Instructions for the task
Take the listing below and print exactly the lines starting at the line containing "order to meet" and ending at the line containing "e. None is the correct answer", both ends included, and no others.

Dataset content
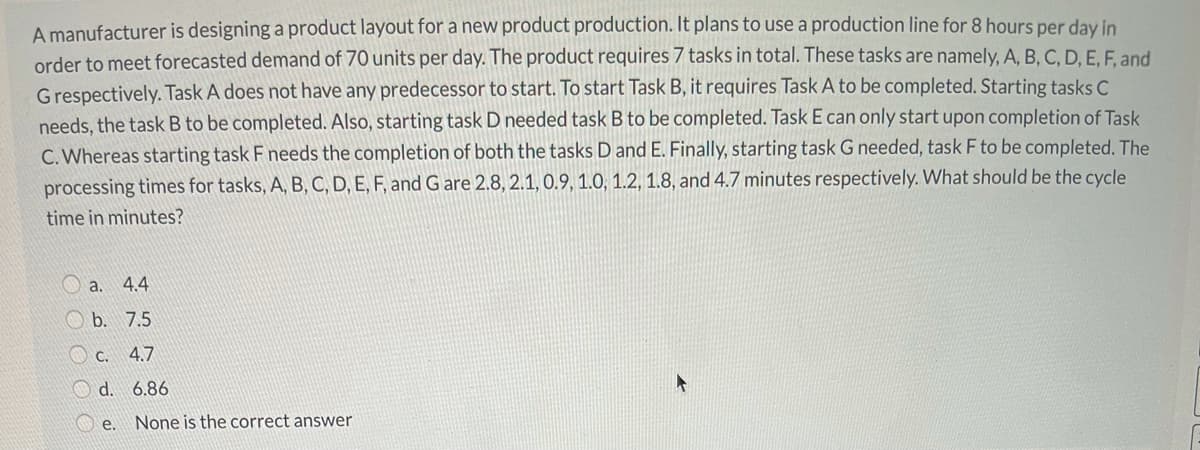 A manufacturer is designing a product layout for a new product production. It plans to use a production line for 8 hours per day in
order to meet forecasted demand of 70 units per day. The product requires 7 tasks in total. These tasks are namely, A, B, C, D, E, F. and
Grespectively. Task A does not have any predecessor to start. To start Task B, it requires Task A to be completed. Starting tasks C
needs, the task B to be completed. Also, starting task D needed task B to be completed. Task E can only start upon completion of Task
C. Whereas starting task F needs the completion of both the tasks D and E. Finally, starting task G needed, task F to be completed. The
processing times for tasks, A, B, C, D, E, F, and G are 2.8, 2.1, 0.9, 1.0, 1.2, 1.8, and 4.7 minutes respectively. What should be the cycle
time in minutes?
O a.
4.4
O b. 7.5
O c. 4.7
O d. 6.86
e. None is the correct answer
--
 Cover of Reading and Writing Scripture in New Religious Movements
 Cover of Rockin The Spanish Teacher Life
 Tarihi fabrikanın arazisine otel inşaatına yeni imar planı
* * *
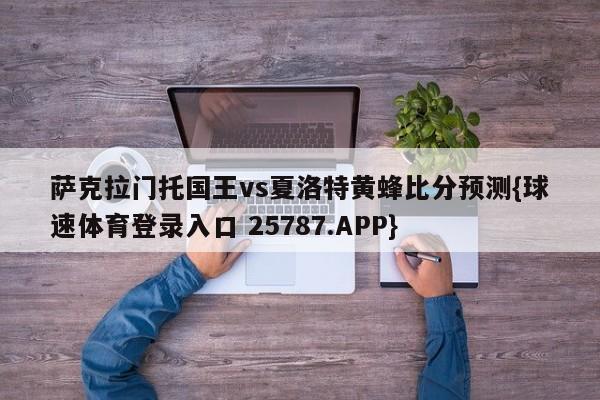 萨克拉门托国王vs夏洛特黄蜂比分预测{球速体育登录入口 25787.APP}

Solution to this exercise
order to meet forecasted demand of 70 units per day. The product requires 7 tasks in total. These tasks are namely, A, B, C, D, E, F. and
Grespectively. Task A does not have any predecessor to start. To start Task B, it requires Task A to be completed. Starting tasks C
needs, the task B to be completed. Also, starting task D needed task B to be completed. Task E can only start upon completion of Task
C. Whereas starting task F needs the completion of both the tasks D and E. Finally, starting task G needed, task F to be completed. The
processing times for tasks, A, B, C, D, E, F, and G are 2.8, 2.1, 0.9, 1.0, 1.2, 1.8, and 4.7 minutes respectively. What should be the cycle
time in minutes?
O a.
4.4
O b. 7.5
O c. 4.7
O d. 6.86
e. None is the correct answer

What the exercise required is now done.